Não é à toa que as pessoas estão sempre correndo atrás de algo, nunca satisfeitas, nunca em paz, nunca as coisas que possuem são suficientes. E, pasmem, a felicidade, que deveria ser o objetivo de uma vida, nunca é alcançada, pois não há descanso.
Um exemplo que posso citar é aquela pessoa que se priva intensamente para juntar dinheiro e comprar um belo carro novo. Porém, assim que ela saiu da concessionária, esta pessoa na verdade já tem um carro usado. E então, menos de um ano depois já esta querendo outro, mais moderno, mais potente, mais bonito. E esta angústia do ter, esta necessidade de sua vaidade ser preenchida de alguma forma material não se sacia nunca, posto que sempre há algo melhor a ser adquirido. Como bem li certa vez, novidade é aquilo que não envelhece, como a beleza de uma montanha ou de um pôr-do-sol.
Outro exemplo é o daquela pessoa que trabalha o ano inteiro, engolindo todos os sapos possíveis, esporros, cobranças, falatório, concorrência desleal de seus pares – que atravessam, pasmem, os mesmos problemas, e ao invés de se unirem, atacam-se mutuamente –, se esforça de segunda à sexta feito uma mula, ainda demorando a chegar em casa por causa – afora a extensa carga horária do trabalho – de um trânsito desgraçado, e, ¿o que faz com todo seu suado recurso que conseguiu juntar? Compra um carro - pra ficar praguejando deste mesmo trânsito - ou faz uma viagem ao exterior que dura cinco dias.
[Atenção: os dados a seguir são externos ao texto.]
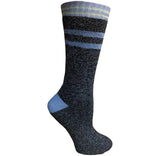 8-Pairs Women’s Thermal Moisture-Wicking Tube Socks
Tudo que fez, tanto tempo desperdiçado, tanto esforço, tanta entrega, tanta raiva passada, para que se consiga – de fato – viver apenas durante cinco dias em um ano inteiro.
¿É triste, não?

Então posso perguntar: ¿este caos em que estamos é uma causa da falta do pensar, ou uma consequência? ¿Como poderíamos nos livrar destas âncoras que nos afundam? ¿A quem pedir socorro, se os céus respondem com seu inexorável mutismo? Não sei, não tenho estas e tantas outras respostas, o que apenas realmente consigo fazer é observar o que me rodeia, olhar sem fechar os olhos, sem me omitir, sem me perverter, sem deixar de tentar fazer aquilo que julgo – dentro de minhas severas limitações – correto. Sei que penso um tanto, e da minha parte digo que dói bastante.

Há muitos buracos no casco e apodrecimento das estruturas do barco em que vamos indo. Há muitas âncoras e poucas velas. Não vejo bóias ou colete salva-vidas. E a água que entra pelo Titanic já ultrapassou meu nariz faz tempo.